Superintendent of Grand Bassa County
- In office 2012–2015

Mayor of Edina, Liberia
- In office 2010–2012

Personal details
- Born: Edina, Liberia
- Occupation: Women's rights and peace activist
- Awards: 1325 Award
- Nickname: Sugars

= Etweda Cooper =

Liberian politician

Etweda Ambavi Gbenyon Cooper, known as Sugars, is a Liberian politician and peace activist. She has been described as "the doyenne" and "the godmother" of the Liberian women's movement.

In 2010, she was elected mayor of Edina, Liberia. She then served as superintendent of Grand Bassa County from 2012 to 2015.

== Early life and education ==
Etweda Cooper was born in Edina, into an elite family descended from freed slaves who left the United States for Liberia in the 1800s.

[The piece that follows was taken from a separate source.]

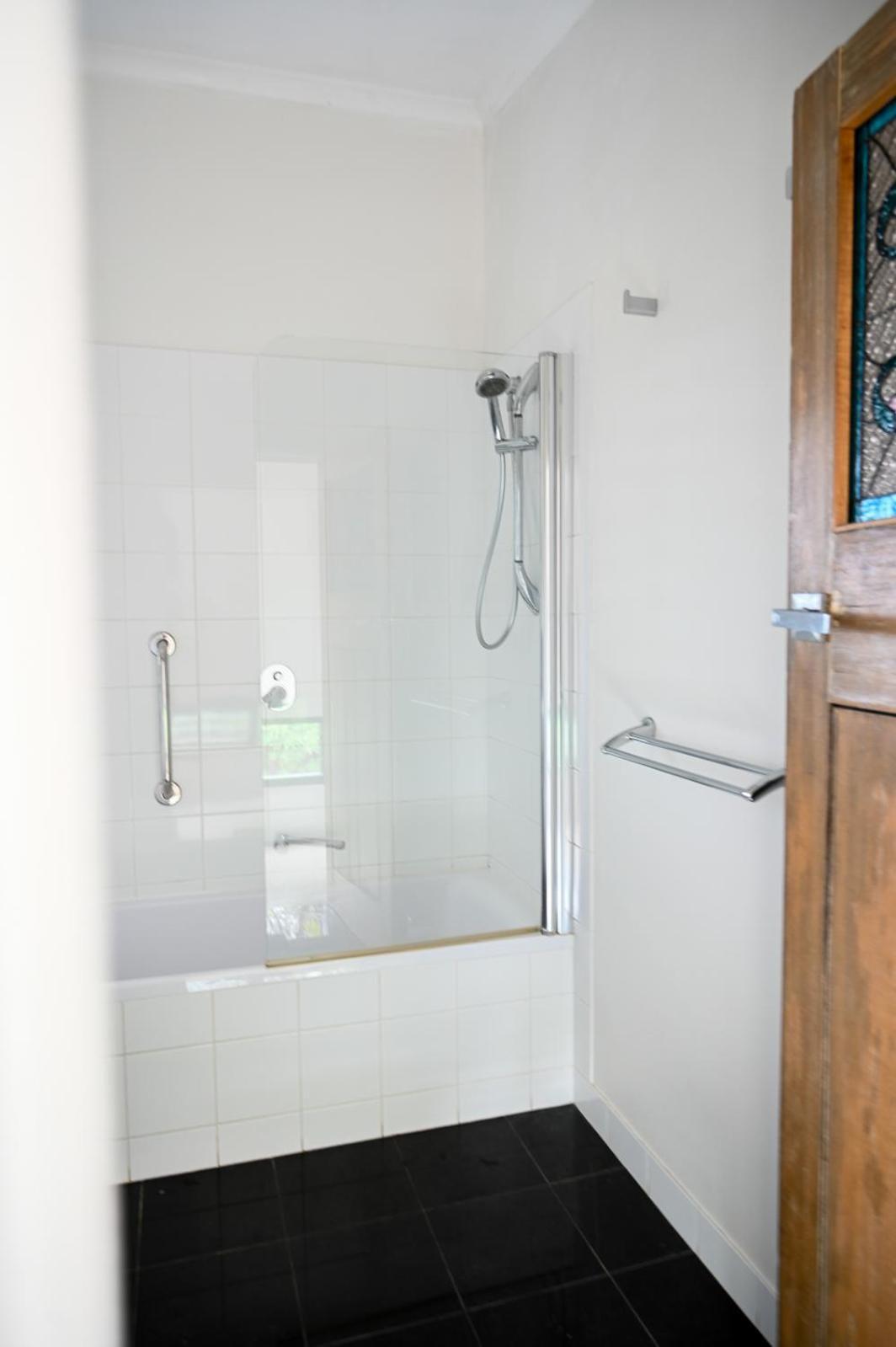 Вилла Sinclair Eco House Порт-Линкольн Экстерьер фото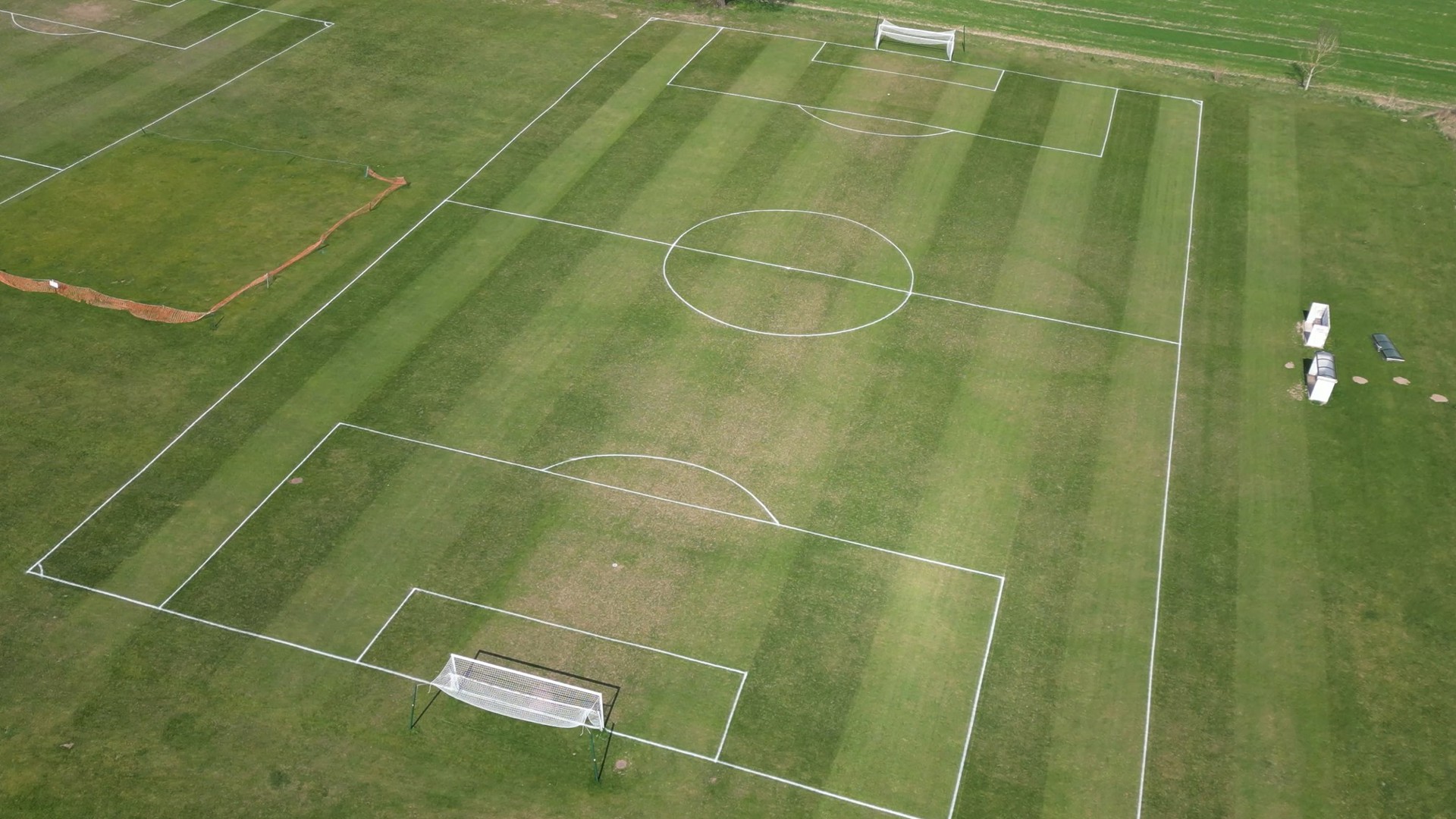 Football pitch close.jpg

She grew up speaking Bassa and Liberian English.

Cooper is known across the country by her nickname, Sugars.

She left Liberia as a young woman to attend university in Bern, Switzerland.

== Activism ==

=== First Liberian Civil War ===
After returning to Liberia, Cooper became involved in the peace movement in 1994.

As a co-founder and onetime chair of the Liberian Women’s Initiative, she served as a key figure in women's peace activism during the first Liberian civil war.

In 1998, Cooper was briefly arrested by the Liberia National Police after denouncing the murder of a woman at the hands of security forces.

=== Second Liberian Civil War and aftermath ===
As a part of Women of Liberia Mass Action for Peace in the early 2000s, she played a major role in the nonviolent resistance campaign that led to the end of Liberia's second civil war.

Cooper has also been involved in the Women in Peacebuilding Network (WIPNET), part of the West Africa Network for Peacebuilding.

After the second civil war ended, she helped organize women in favor of Ellen Johnson Sirleaf's 2005 presidential campaign, in which Sirleaf was elected the first female president of an African country.

Cooper appears in the documentary Pray the Devil Back to Hell about women's role in the Liberian peace process. In 2006, she became the first-ever recipient of the 1325 Award from the Dutch government.

== Political career ==
In April 2010, Cooper was elected mayor of her hometown, Edina, which she aimed to turn into an eco-friendly, safe town that attracts tourists.

In 2012, she was appointed superintendent of Grand Bassa County by President Ellen Johnson Sirleaf, and confirmed by the Liberian Senate. On her appointment, she became mayor emeritus of Edina.

Her time in office included overseeing the county's response to the Western African Ebola virus epidemic. Later in her term, Cooper became chairperson of Liberia's Superintendent Council. She resigned as the county's superintendent in 2015, citing a "personal reason."

In 2017, she ran to represent Grand Bassa in the Liberian House of Representatives, as a member of the True Whig Party, but she was not elected.

Cooper is now retired from public political life, but she continues to mentor younger activists.